As an example, one woman I met with was actually doing quite well. Her husband had been killed and she was taken hostage, I guess, or taken as a prisoner by the Hutus and repeatedly raped while her five-year-old daughter was raped in the next room. She could hear the daughter being raped—it often happened that the child was raped at the same time—and couldn't stand to hear it anymore so she escaped. I found her reaction sort of unusual. I thought if that were me, maybe I would try to save my child. But she said she knew there was no way she could get near her child to save her; the only thing she could do was run away from the screaming and the pain that she was going through.
When the genocide was over, they were reunited by one of the UN organizations, I guess, or the Red Cross. The little girl was quite emaciated and extremely injured internally, as you can imagine, having been raped by adult men over God knows how many days. Then the mother herself discovered that she was pregnant through one of her rapes. There she was with a little girl who had been raped repeatedly and was completely traumatized by that. She herself was traumatized, and now she was pregnant and going to have a child.
I met with them. The child who was raped is now a young woman and is going to university. She didn't want to talk about what had happened to her at all. She only spoke about her father, her dead father, in glowing terms. That's all she wanted to talk about. But her mother told me that she really hates men, and for many, many years she would hide under tables and make strange noises.
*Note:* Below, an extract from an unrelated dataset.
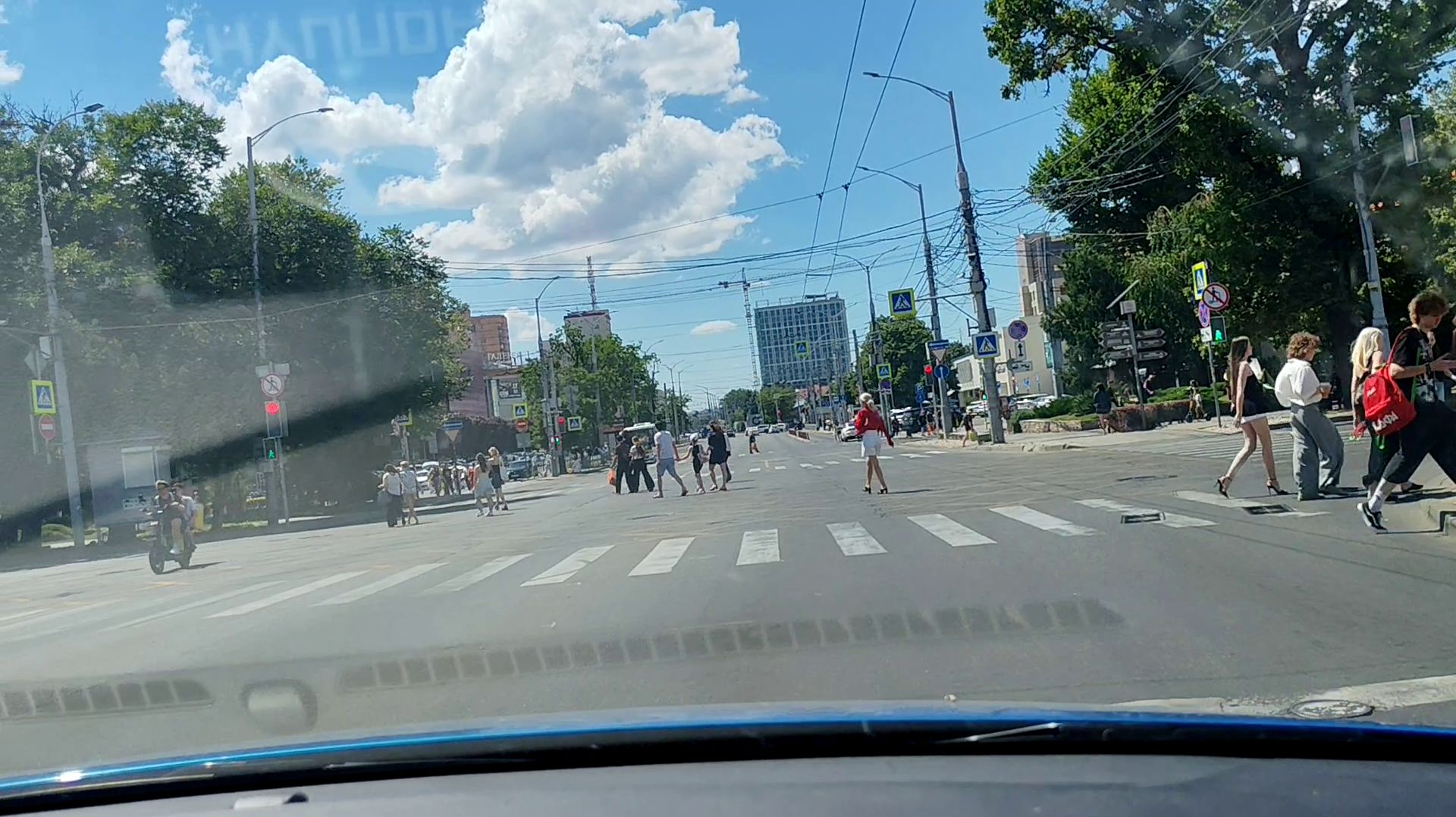 Поездка по Краснодару. Проезд сложного перекрестка с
The son who was born of rape is now a lovely young man. They have managed to create this little family of theirs with the help of one of the U.S. NGOs. We're friends on Facebook now and he takes selfies all the time. The problem with him is that he doesn't have anyone to fund his education because he is not considered to be a victim of the genocide. I find that really unfortunate; he is a very bright, lovely young man, and if I had the funds I would send him to university.